Garssen J, Nijkamp F P, Van Vugt E, Van der Vliet H, Van Loveren H
National Institute of Public Health and Environmental Protection, Bilthoven, The Netherlands.
Am J Respir Crit Care Med. 1994 Dec;150(6 Pt 1):1528-38. doi: 10.1164/ajrccm.150.6.7952611.
We previously demonstrated that tracheal hyperreactivity (in vitro) and altered lung functions (in vivo) were induced during a delayed-type hypersensitivity (DTH) reaction in murine lungs. These alterations were transferable with T cells, suggesting that this animal model could be used as a model for cellular IgE-independent immunity. In the present study we demonstrated that depletion of T suppressor/cytotoxic cells failed to abolish the ability of transferred cells to induce hyperresponsiveness. Depletion of T helper cells partially inhibited the induction of hyperreactivity. Depletion of 14-30+ cells (the monoclonal antibody 14-30 reacts with a common isotype of T cell-derived antigen binding molecules [TABM] that can arm mast cells) completely abolished the ability to transfer hyperreactivity. The cromoglycate-like antiasthmatic drug nedocromil, which stabilizes mast cells, inhibited the induction of T cell-mediated hyperresponsiveness. Moreover, in mast cell-deficient mice, T cell-mediated hyperresponsiveness can be less induced compared with normal littermates. These experiments indicate that mast cells play at least a partial role in the induction of airway hyperresponsiveness in this model. Dexamethasone, a well-known inhibitor of phospholipase A2, inhibited the T cell-mediated hyperresponsiveness, whereas the cyclooxygenase inhibitor suprofen did not. This indicated that arachidonic acid metabolites, but not cyclooxygenase products, play a role in the induction of T cell-mediated hyperreactivity. Pretreatment with the lipoxygenase inhibitor AA-861 significantly inhibited the induction of tracheal hyperreactivity. Platelet-activating factor appeared not to be involved in the induction of hyperresponsiveness in this model, because the platelet-activating factor antagonist WEB 2170 failed to abolish the induction of T cell-mediated hyperreactivity. Intravenous injection of purified mast cell-arming TABM, followed by intranasal hapten challenge 30 min later, resulted in increased vascular permeability 2 h after challenge, which is characteristic of the early initiating phase of DTH. In addition, tracheal hyperreactivity (in vitro) and altered lung functions (in vivo) were observed 2 h after challenge. From these data we conclude that airway hyperreactivity and altered lung functions are induced by early steps in the cellular cascade of DTH.

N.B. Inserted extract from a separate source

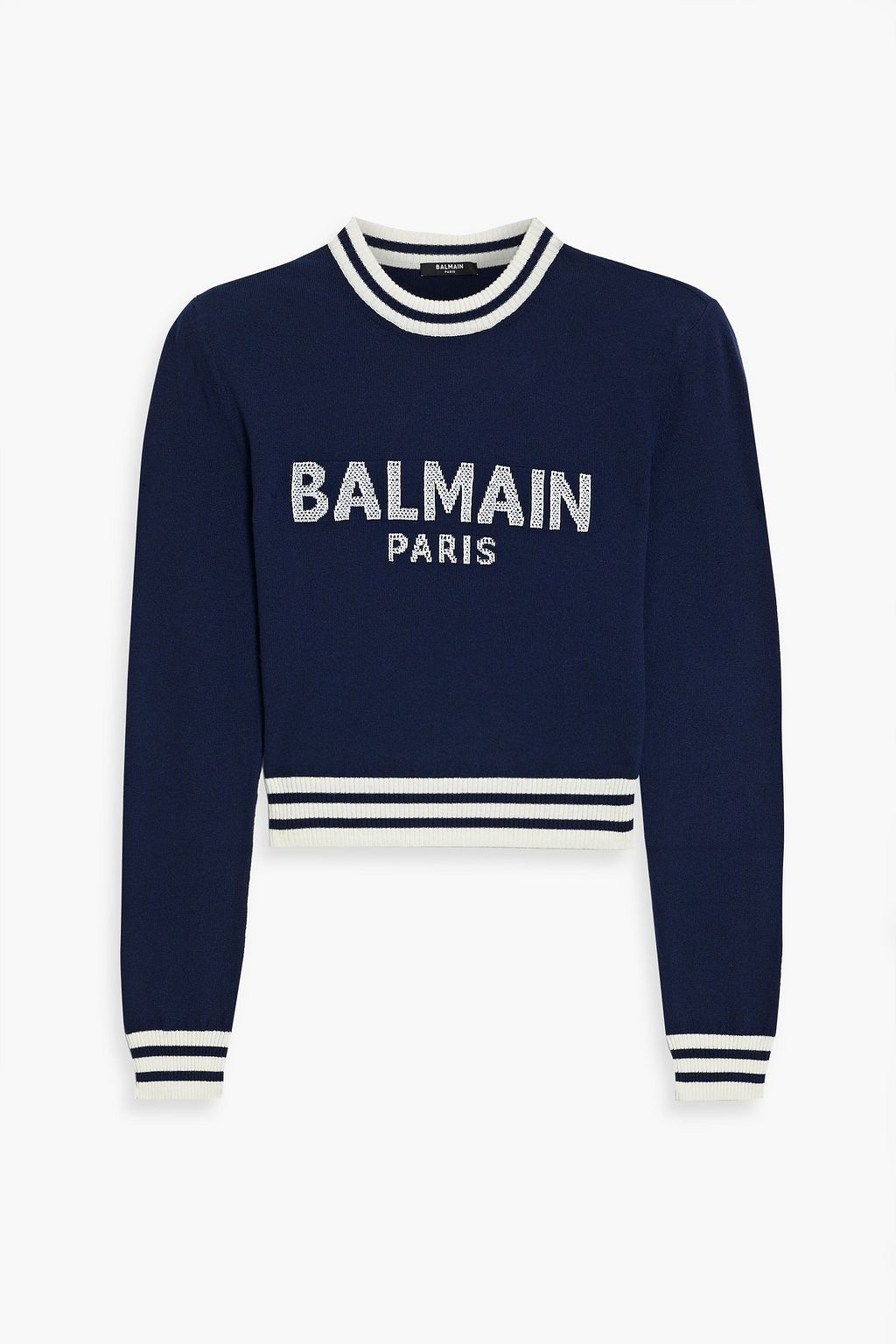 Crew necks Balmain - Mini monogram jacquard knitted pullover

我们先前证明,在小鼠肺部的迟发型超敏反应(DTH)过程中会诱导气管高反应性(体外)和肺功能改变(体内)。这些改变可通过T细胞传递,这表明该动物模型可作为细胞非IgE依赖性免疫的模型。在本研究中,我们证明去除抑制性/细胞毒性T细胞并不能消除转移细胞诱导高反应性的能力。去除辅助性T细胞可部分抑制高反应性的诱导。去除14 - 30 +细胞(单克隆抗体14 - 30与一种可武装肥大细胞的T细胞衍生抗原结合分子[TABM]的常见同种型发生反应)完全消除了转移高反应性的能力。稳定肥大细胞的色甘酸类抗哮喘药物奈多罗米抑制了T细胞介导的高反应性的诱导。此外,与正常同窝小鼠相比,在肥大细胞缺陷小鼠中,T细胞介导的高反应性诱导程度较低。这些实验表明,在该模型中肥大细胞在气道高反应性的诱导中至少起部分作用。地塞米松是一种众所周知的磷脂酶A2抑制剂,它抑制了T细胞介导的高反应性,而环氧合酶抑制剂舒洛芬则没有。这表明花生四烯酸代谢产物而非环氧合酶产物在T细胞介导的高反应性诱导中起作用。用脂氧合酶抑制剂AA - 861预处理可显著抑制气管高反应性的诱导。血小板活化因子似乎未参与该模型中高反应性的诱导,因为血小板活化因子拮抗剂WEB 2170未能消除T细胞介导的高反应性的诱导。静脉注射纯化的武装肥大细胞的TABM,30分钟后进行鼻内半抗原激发,激发后2小时血管通透性增加,这是DTH早期起始阶段的特征。此外,激发后2小时观察到气管高反应性(体外)和肺功能改变(体内)。从这些数据我们得出结论,气道高反应性和肺功能改变是由DTH细胞级联反应的早期步骤诱导的。